Veintiocho
Esa mañana del sábado, como todas las mañanas de
todos los sábados en los últimos veintiocho años, Esther desarrolló sin contratiempos y al pie de la
letra la rutina que había construido rigurosamente después de la jubilación: se
levantó a las cinco y quince de la mañana, revitalizó el orégano y las macetas
de helechos, luego repitió los mismos artículos de varias revistas de
odontología traducidas al español y por último, se empeñó en mejorar una
rustica técnica de pastelería que había aprendido en la capital francesa en uno
de sus viajes por Europa, pero cuando se
disponía a preparar el pastel de cerezas acostumbrado, tropezó con una
nueva desaparición en la cocina y precisamente, ese devenir fue la gota que
rebosó la copa. Los objetos empezaron a extraviarse a principios de año, en
enero, pero el asunto fue realmente
notorio para ella hasta mediados de marzo, luego que las desapariciones fueran más recurrentes e
implicaran utensilios de uso más cotidianos. Justo ese día, al desmantelar la
casa completamente en busca de la batidora eléctrica y remover cada cosa de su
puesto, advirtió que le hacían falta más objetos de las que pensaba: la vajilla
francesa, la imitación china del florero de Llorente, los vasos coreanos, la
máquina de coser, cucharas, algunos collares de cornalina, calderos, sábanas y
el juego de sartenes. La intensa y fallida
búsqueda que se prolongó por horas, arrojó una hipótesis devastadora,
sentenciando a la única persona que le había demostrado más lealtad en toda su
vida: Eva, su doméstica, una anciana wayuu con un castellano rudimentario y de
inocencia atroz, quien una vez por semana solía frecuentarla para ayudarle con
algunas tareas de la casa en los últimos dieciséis años. Pensar en ello la agobió
por completo toda la noche. Sin embargo, en la mañana inmediata, descartó esa
teoría, dando por hecho que su doméstica fuese incapaz de robarse un simple
alfiler o tomar algo prestado sin su previo consentimiento. Mientras preparaba
el café advirtió que también faltaba el recipiente del azúcar y encolerizó. Dos
horas después apareció Eva y juntas volvieron a desmantelar la casa.

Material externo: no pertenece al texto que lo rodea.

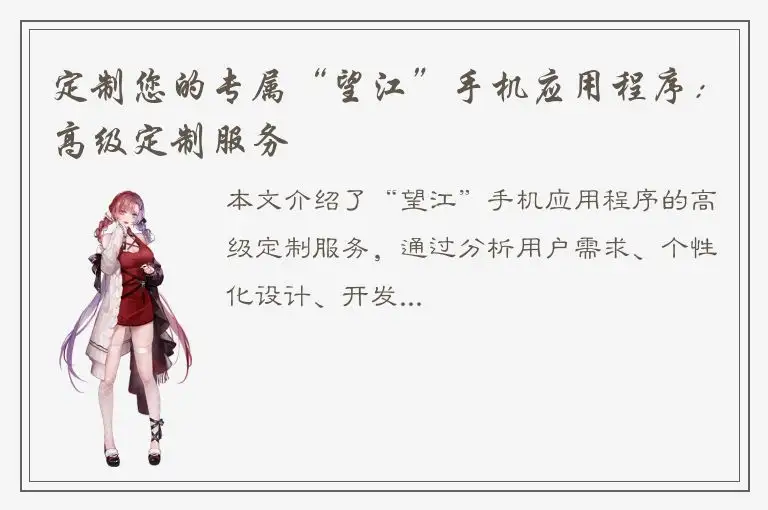 定制您的专属“望江”手机应用程序：高级定制服务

Organizaron una tarea de expedición profunda, Esther resolvió buscar en las habitaciones y Eva volvió
a repetir en los mismos rincones en la sala, la cocina y en el patio. De vez en cuando, en
la medida que maduraba la búsqueda, Eva respondía con un leve gesto de
desolación cuando Esther desde las habitaciones la escrutaba. Cuando no quedó
otro lugar donde seguir buscando, se derrumbaron exhaustas sobre el sofá y de
repente, como si fuese un acto de magia bien elaborado, el sofá desapareció y ambas cayeron en el piso. Se
miraron desconsoladas una a la otra, luego Eva también desapareció y segundos
después, Esther advirtió un olor a azufre proveniente de la cocina.